Косы поплыли по волнам. Я начала неистово хохотать, а мои похитители, увидев повисший на гвозде парик, уронили меня на пол. Несмотря на боль от ушиба, я продолжала хохотать. А потом услышала гневный голос Колумба – председателя месткома: «Штраф захотели, мерзавцы?» Похитители, испугавшись штрафа, свирепо уволокли меня за кулисы, где я горько плакала, испытав чувство стыда перед зрителями. Помню, что на доске приказов и объявлений висел выговор мне, с предупреждением.
Такое не забывается, как и многие-многие другие неудачи моей долгой творческой жизни.
Приглашение на свидание: «Артистке в зеленой кофточке», указание места свидания и угроза: «Попробуй только не прийтить». Подпись. Печать. Сожалею, что не сохранила документа, – не так много я получала приглашений на свидание.

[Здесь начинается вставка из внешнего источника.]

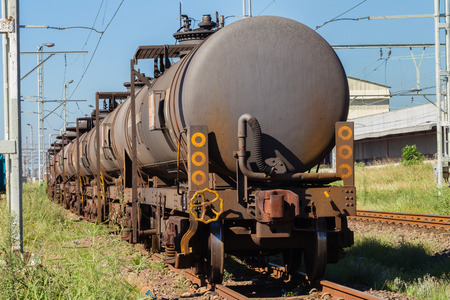 Train tanker trailers on rail line linked togetherの写真素材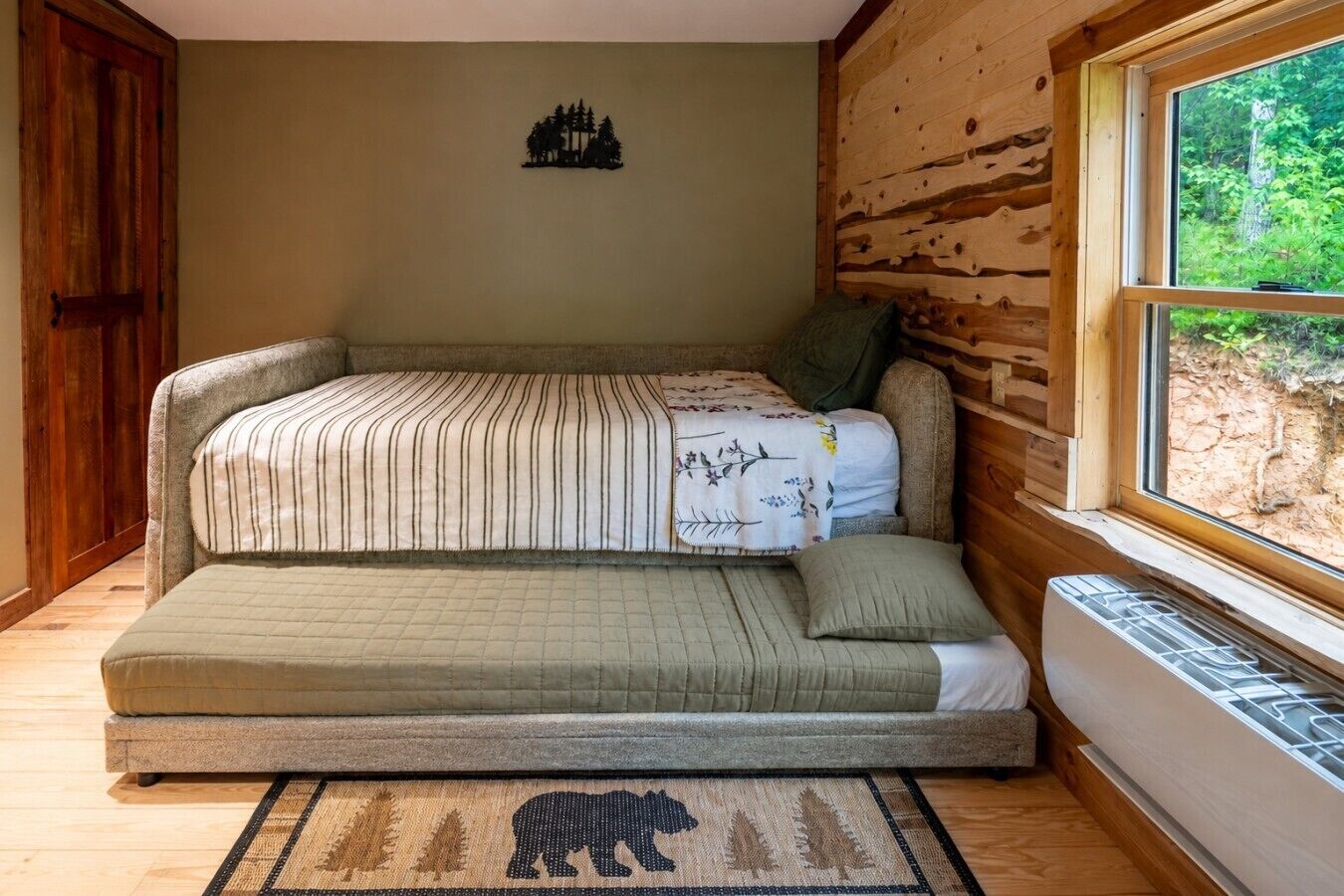 Una habitación acogedora con una cama, una ventana y un tapiz de piel de oso.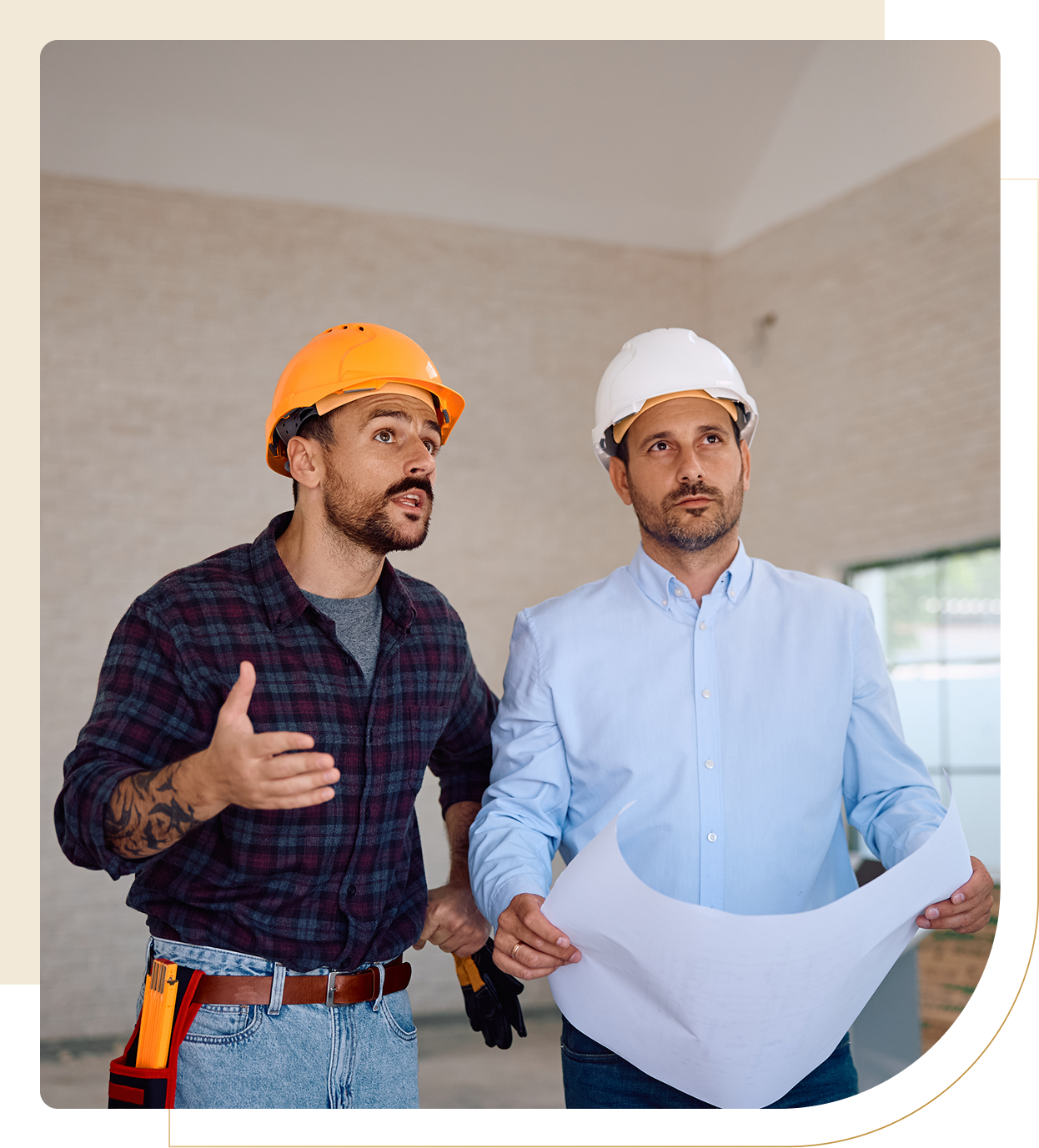 Two construction workers discussing building plans.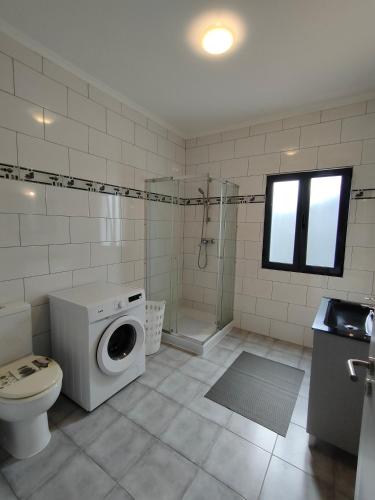 a bathroom with a toilet and a washing machine at Quinta Velha in Ribeira Grande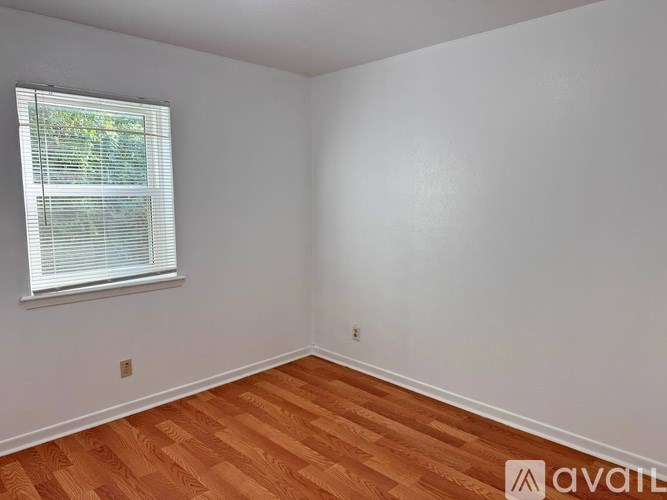 A room with wooden flooring and a window with blinds.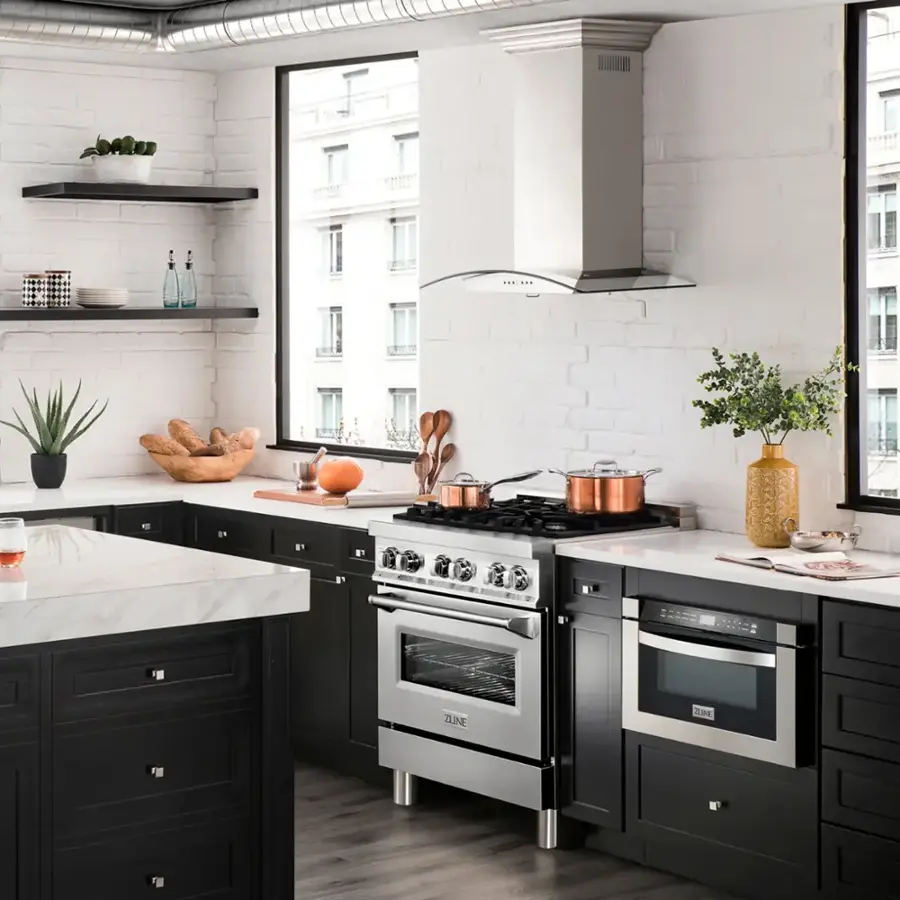 The text on the image reads "S2=E tn_toturnie ZUNE." However, it is not clear what this text is referring to or its significance. It does not seem to be related to the content of the image, which features a kitchen with a stove, oven, and other appliances.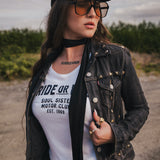 Woman wearing a black jacket, white t-shirt, and sunglasses  and a black hat outdoors wearing Soul Sister since 1969.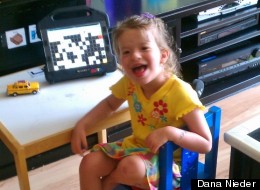 Maya sits by her iPad with the app Speak for Yourself launched. It was pulled from the Apple Store last week.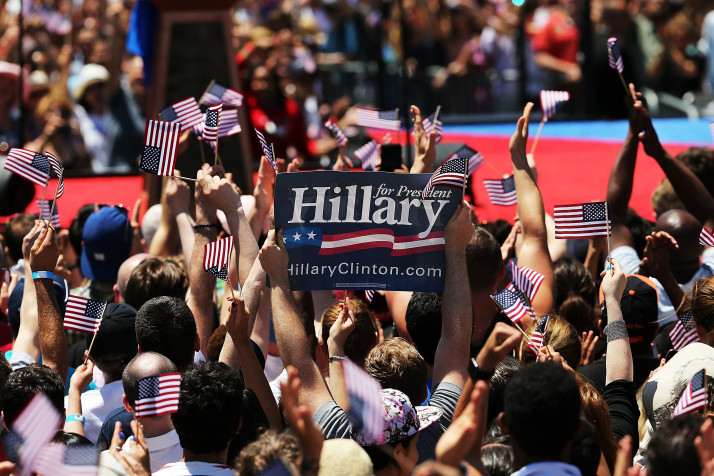 NEW YORK, NY - JUNE 13:  People cheer as Democratic Presidential candidate Hillary Clinton speaks at her official kickoff rally at the Four Freedoms Park on Roosevelt Island in Manhattan on June 13, 2015 in New York City. The long awaited speech at a historical location associated with the values Franklin D. Roosevelt outlined in his 1941 State of the Union address, is the Democratic the candidate's attempt to define the issues of her campaign to become the first female president of the United States.  (Photo by Spencer Platt/Getty Images)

Совсем молодой играла Сашу в «Живом трупе», а потом Машу, но точно какую играла раньше – не помню. Смущало меня то, что Саша говорит Феде Протасову: «Я восхищаюсь перед тобой». Это «перед тобой» мне даже было трудно произносить, почему «перед», а не просто «тобой» – только теперь, через 50 лет, вспоминая это, поняла, что Толстой не мог сказать иначе от лица светской барышни и что «я восхищаюсь тобой» было бы тривиально от лица Толстого.
Федю играл актер грубой души, неумный, злой человек, вскорости он попал в Малый театр, и там он был своим, мы же в нашей провинции звали его Малюта Скуратов – Скуратов была его фамилия или псевдоним. Он всегда на кого-то сердился и кричал «бить палкой по голове», а после того, как сыграл Павла Первого, уже кричал «шпицрутенов ему». Это относилось к парикмахеру, портному, бутафору и прочим нашим товарищам, техническому персоналу.
В самые суровые, голодные годы «военного коммунизма» в числе нескольких других актеров меня пригласила слушать пьесу к себе домой какая-то дама. Шатаясь от голода, в надежде на возможность выпить сладкого чая в гостях, я притащилась слушать пьесу.
Странно было видеть в ту пору толстенькую, кругленькую женщину, которая объявила, что после чтения пьесы будет чай с пирогом.
Пьеса оказалась в пяти актах. В ней говорилось о Христе, который ребенком гулял в Гефсиманском саду.
В комнате пахло печеным хлебом, это сводило с ума. Я люто ненавидела авторшу, которая очень подробно, с длинными ремарками описывала времяпрепровождение младенца Христа.
Толстая авторша во время чтения рыдала и пила валерьянку. А мы все, не дожидаясь конца чтения, просили сделать перерыв в надежде, что в перерыве угостят пирогом.
Не дослушав пьесу, мы рванули туда, где пахло печеным хлебом. Дама продолжала рыдать и сморкаться во время чаепития.
Впоследствии это дало мне повод сыграть рыдающую сочинительницу в инсценировке рассказа Чехова «Драма».
Пирог оказался с морковью. Это самая неподходящая начинка для пирога.
Было обидно.
Хотелось плакать.
…Не подумайте, что я тогда исповедовала революционные убеждения. Боже упаси. Просто я была из тех восторженных девиц, которые на вечерах с побледневшими лицами декламировали горьковского «Буревестника», и любила повторять слова нашего земляка Чехова, что наступит время, когда придет иная жизнь, красивая, и люди в ней тоже будут красивыми. И тогда мы думали, что эта красивая жизнь наступит уже завтра…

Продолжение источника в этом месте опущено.